Data shown:
=== Section Start ===

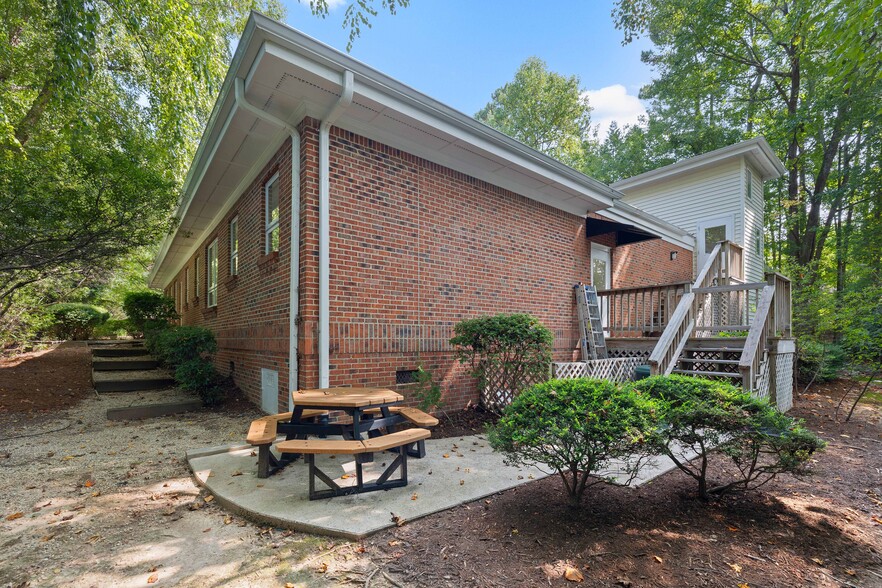 7205 Stonehenge Dr, Raleigh, NC for sale - Building Photo - Image 3 of 10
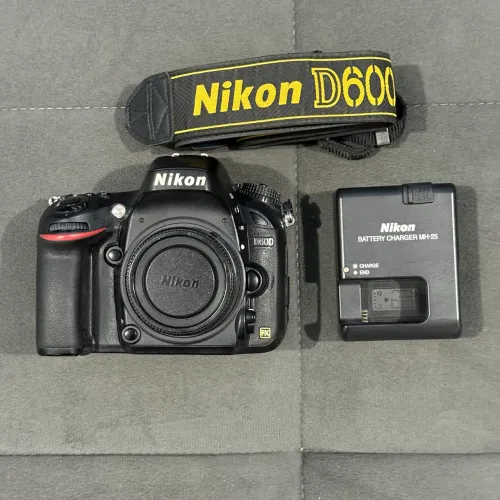 Nikon D600 FX Clicks 80k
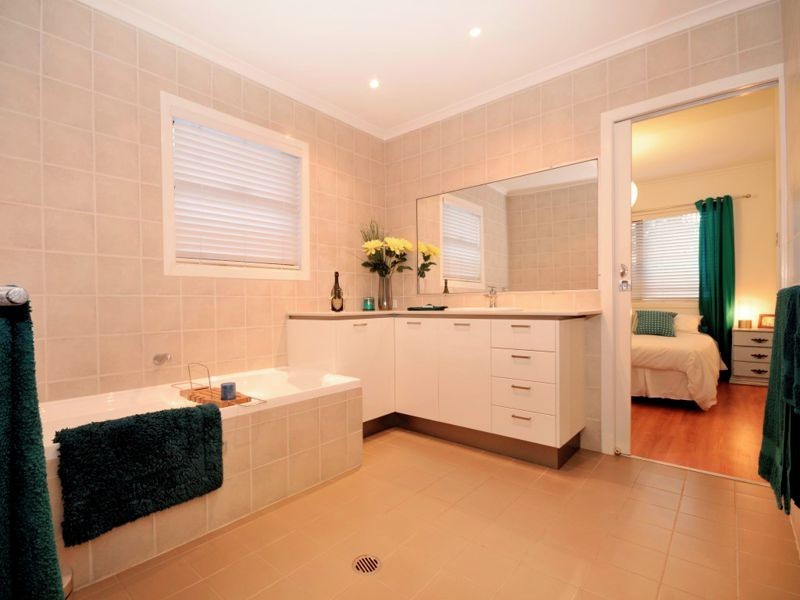 9 Foambark Court, Eatons Hill QLD 4037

=== Section End ===

Your instructions: Please write the material out again exactly as shown above, minus any pictures.

Your solution:
 7205 Stonehenge Dr, Raleigh, NC for sale - Building Photo - Image 3 of 10
 Nikon D600 FX Clicks 80k
 9 Foambark Court, Eatons Hill QLD 4037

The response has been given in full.